Without including any images, repeat the listing below exactly.

**Supplied material**
──────────
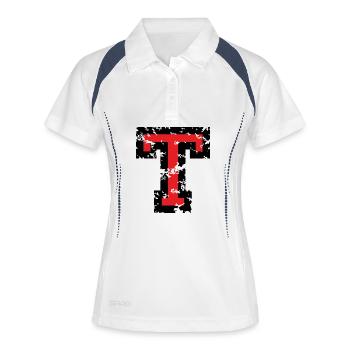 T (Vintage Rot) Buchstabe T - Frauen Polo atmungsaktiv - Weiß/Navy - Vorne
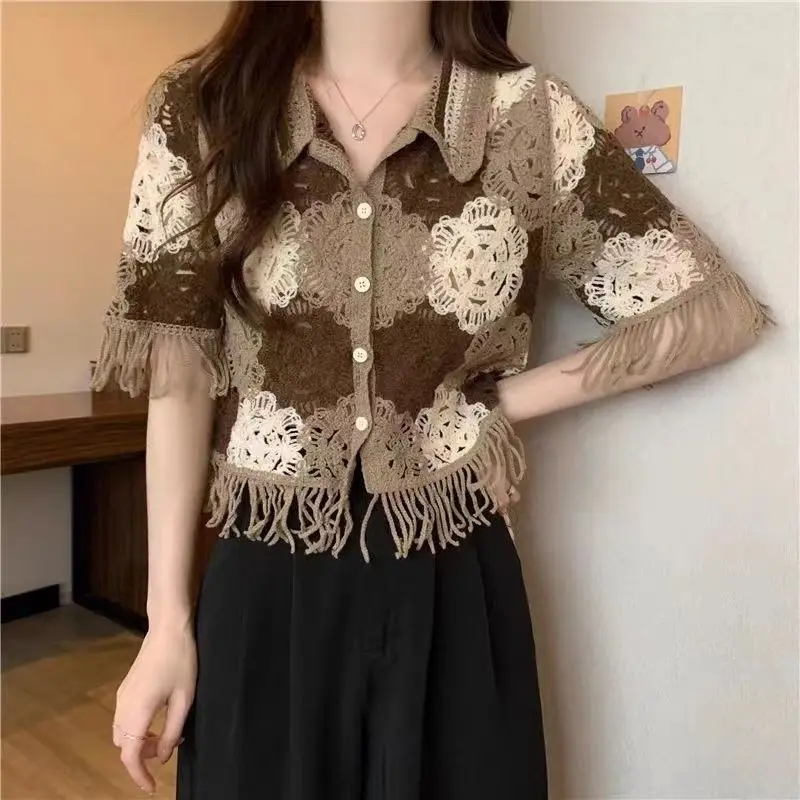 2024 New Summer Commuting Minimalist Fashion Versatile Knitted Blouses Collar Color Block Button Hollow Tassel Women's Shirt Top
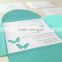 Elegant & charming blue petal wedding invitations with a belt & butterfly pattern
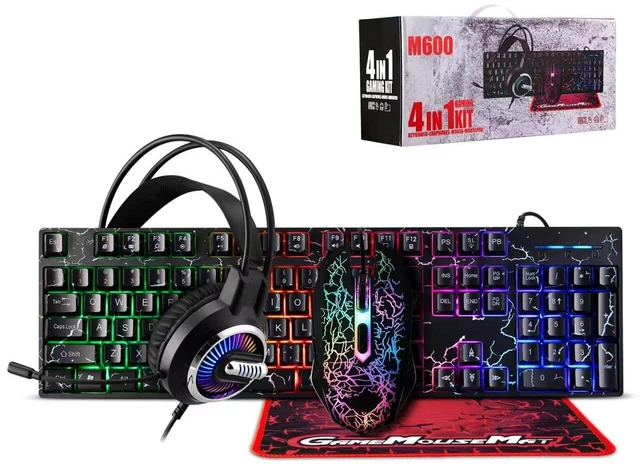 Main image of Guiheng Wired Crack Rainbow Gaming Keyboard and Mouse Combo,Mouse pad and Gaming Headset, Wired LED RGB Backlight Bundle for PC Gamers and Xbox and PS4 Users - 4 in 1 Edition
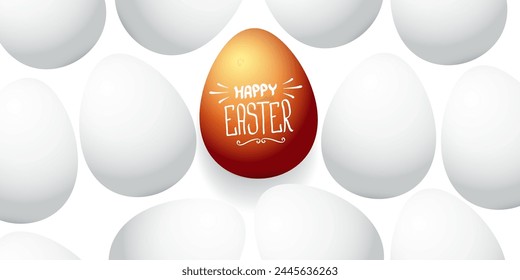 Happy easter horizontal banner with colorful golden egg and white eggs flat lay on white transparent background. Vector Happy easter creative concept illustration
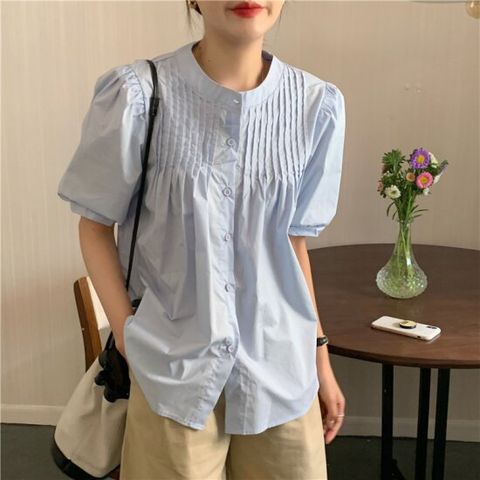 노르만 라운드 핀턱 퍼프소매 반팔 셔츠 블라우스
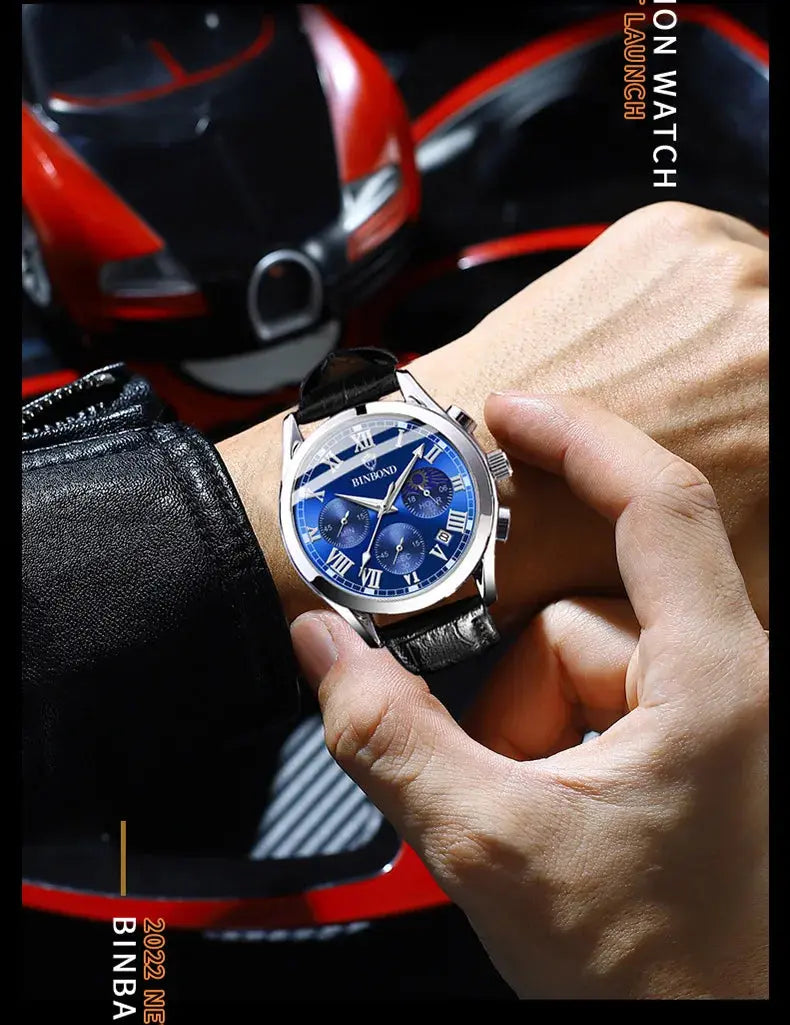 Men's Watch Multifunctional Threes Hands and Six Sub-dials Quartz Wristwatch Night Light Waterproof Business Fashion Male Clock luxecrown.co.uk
──────────
**Output for this task**
 T (Vintage Rot) Buchstabe T - Frauen Polo atmungsaktiv - Weiß/Navy - Vorne
 2024 New Summer Commuting Minimalist Fashion Versatile Knitted Blouses Collar Color Block Button Hollow Tassel Women's Shirt Top
 Elegant & charming blue petal wedding invitations with a belt & butterfly pattern
 Main image of Guiheng Wired Crack Rainbow Gaming Keyboard and Mouse Combo,Mouse pad and Gaming Headset, Wired LED RGB Backlight Bundle for PC Gamers and Xbox and PS4 Users - 4 in 1 Edition
 Happy easter horizontal banner with colorful golden egg and white eggs flat lay on white transparent background. Vector Happy easter creative concept illustration
 노르만 라운드 핀턱 퍼프소매 반팔 셔츠 블라우스
 Men's Watch Multifunctional Threes Hands and Six Sub-dials Quartz Wristwatch Night Light Waterproof Business Fashion Male Clock luxecrown.co.uk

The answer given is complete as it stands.